**** DATA EXTRACTS ****
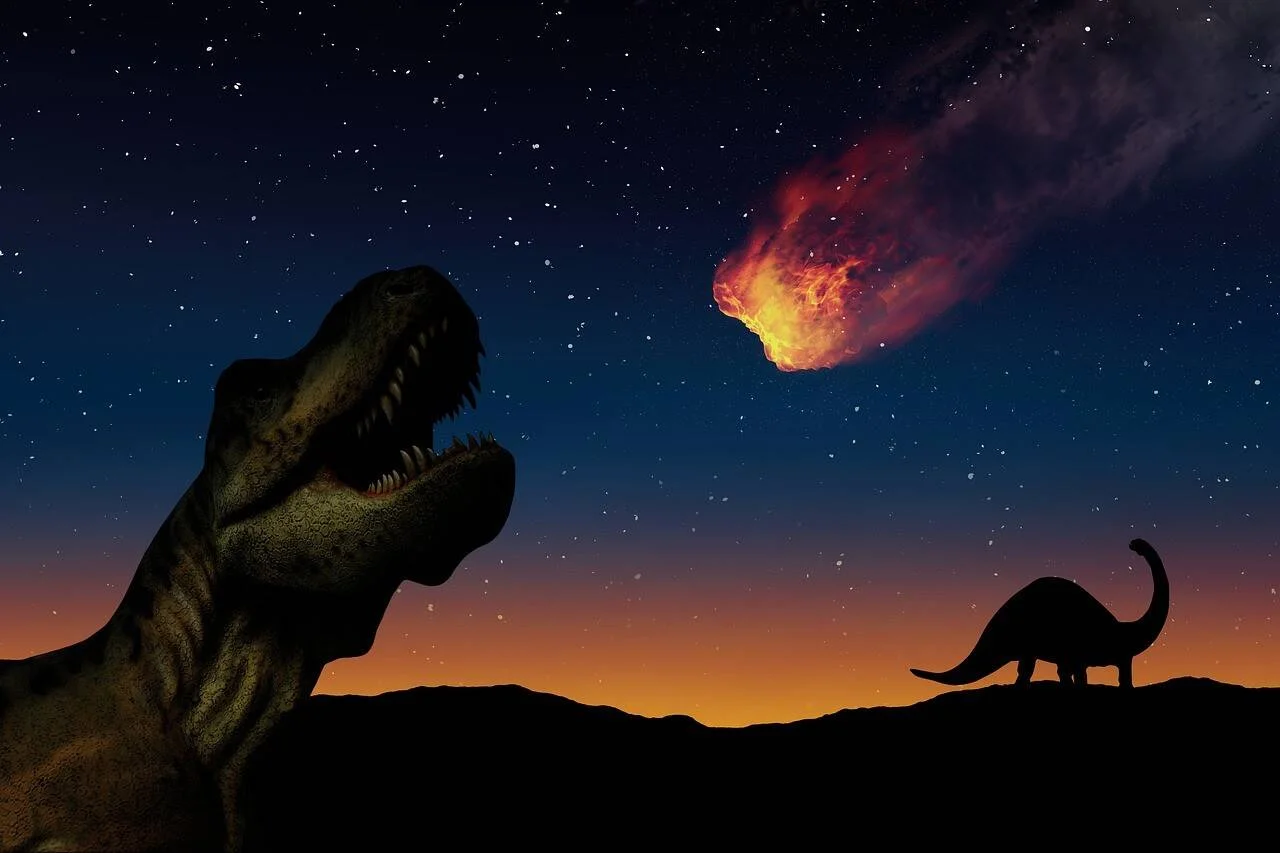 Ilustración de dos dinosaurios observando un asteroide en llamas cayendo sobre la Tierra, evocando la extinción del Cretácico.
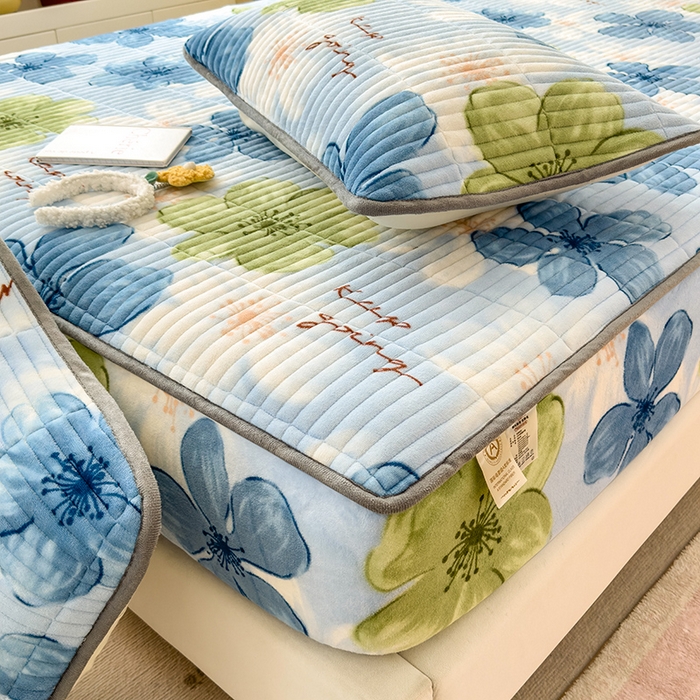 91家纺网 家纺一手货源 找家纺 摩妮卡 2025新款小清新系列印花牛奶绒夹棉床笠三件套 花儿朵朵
****
**** DATA EXTRACTS ****
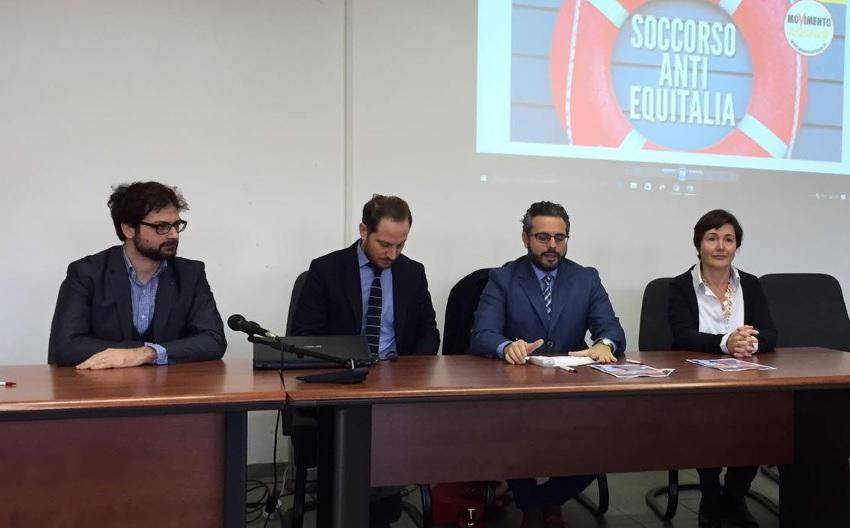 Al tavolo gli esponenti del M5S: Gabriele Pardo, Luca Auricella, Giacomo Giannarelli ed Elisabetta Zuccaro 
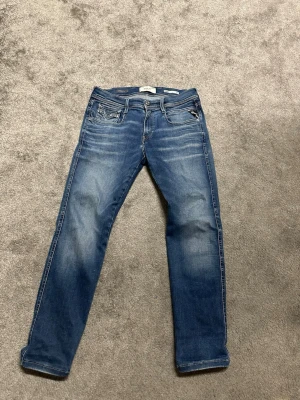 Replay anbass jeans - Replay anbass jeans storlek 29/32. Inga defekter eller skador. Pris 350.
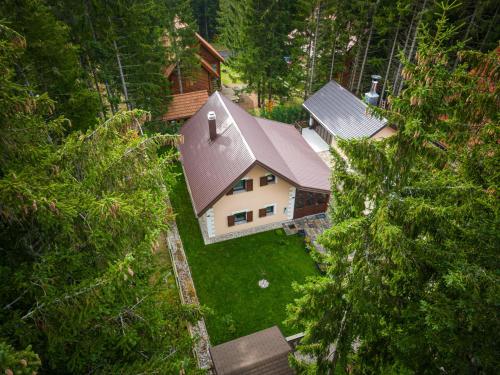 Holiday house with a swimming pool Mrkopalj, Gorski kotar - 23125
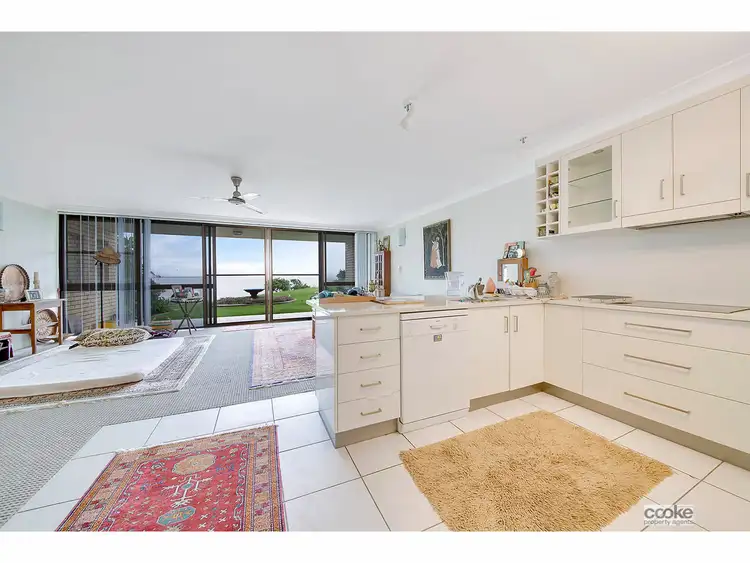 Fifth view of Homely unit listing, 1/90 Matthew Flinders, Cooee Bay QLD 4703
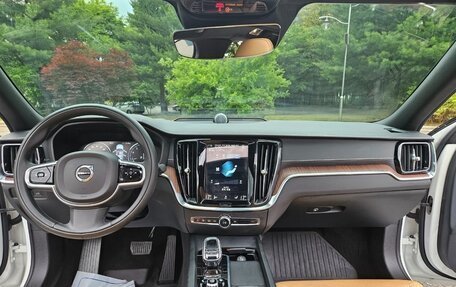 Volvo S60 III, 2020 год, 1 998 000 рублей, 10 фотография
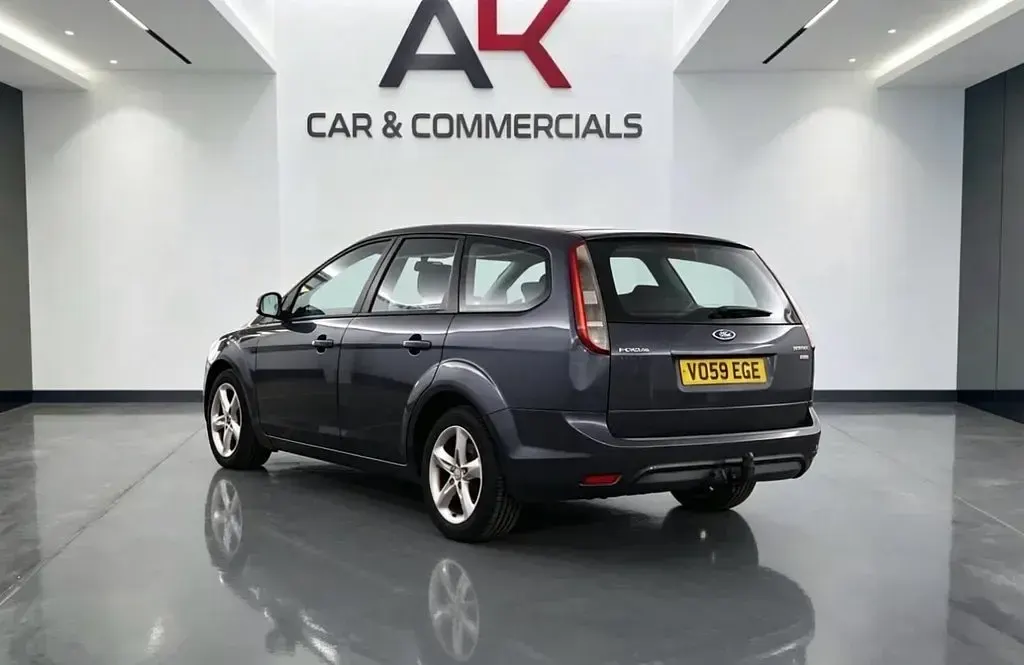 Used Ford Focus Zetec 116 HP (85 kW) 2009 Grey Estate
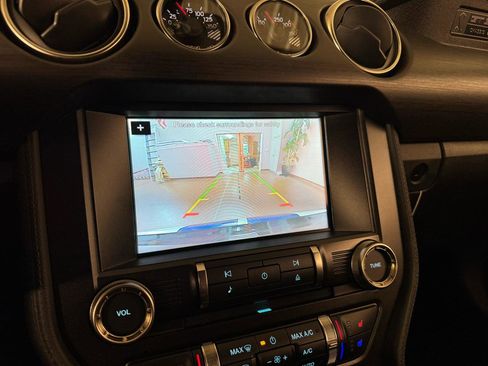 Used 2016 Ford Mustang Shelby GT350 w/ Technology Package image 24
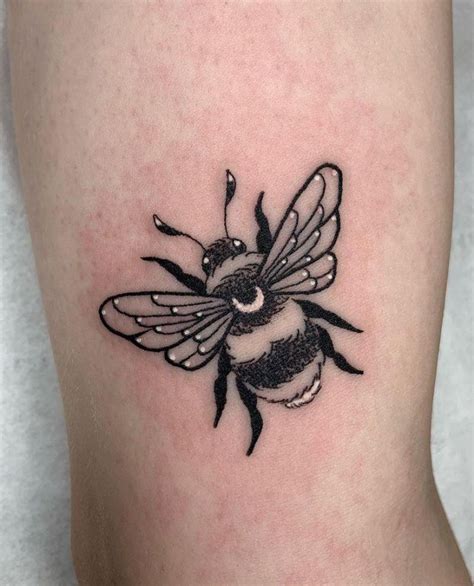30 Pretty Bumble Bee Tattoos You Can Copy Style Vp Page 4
****
**** DATA EXTRACTS ****
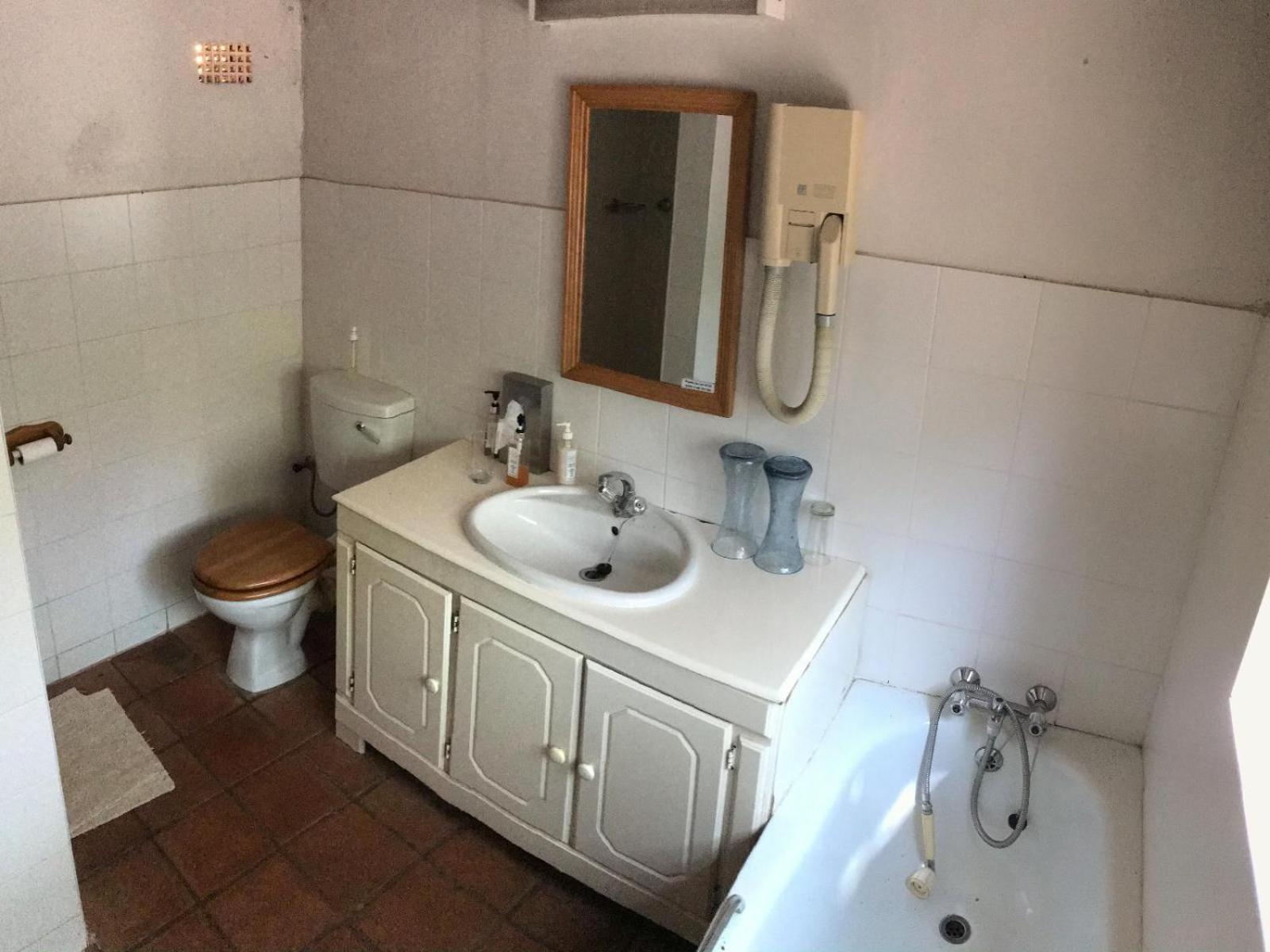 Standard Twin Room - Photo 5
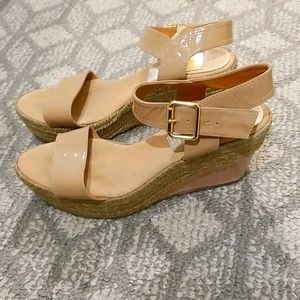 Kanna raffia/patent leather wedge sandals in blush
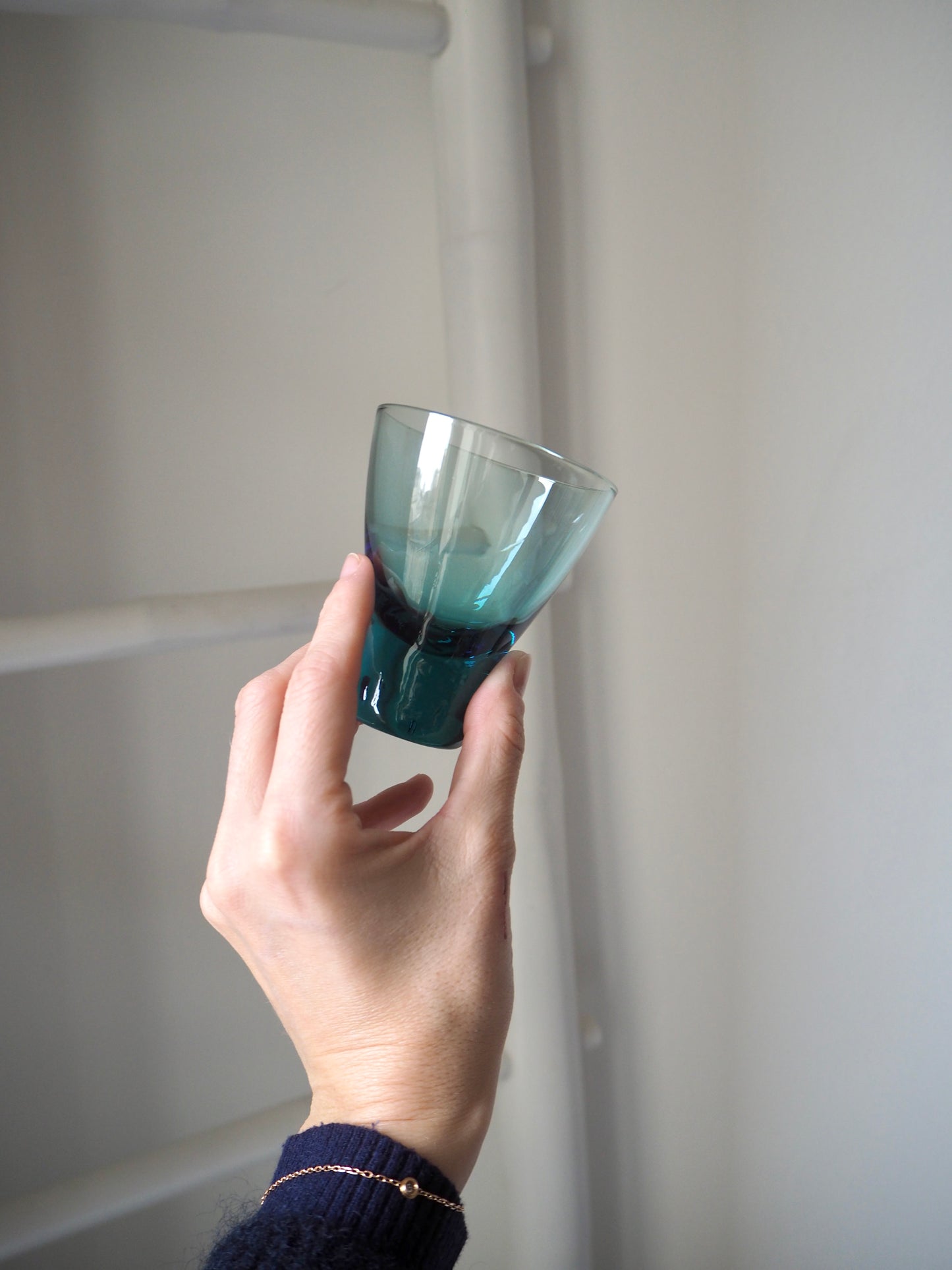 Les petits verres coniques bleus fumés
****
YOUR GOAL — Write out, word for word, the stretch of entries that begins at the line with "Volvo S60 III, 2020" and ends at the line with "30 Pretty Bumble". Pictures do not belong in it.

SOLUTION TO THIS EXERCISE —
 Volvo S60 III, 2020 год, 1 998 000 рублей, 10 фотография
 Used Ford Focus Zetec 116 HP (85 kW) 2009 Grey Estate
 Used 2016 Ford Mustang Shelby GT350 w/ Technology Package image 24
30 Pretty Bumble Bee Tattoos You Can Copy Style Vp Page 4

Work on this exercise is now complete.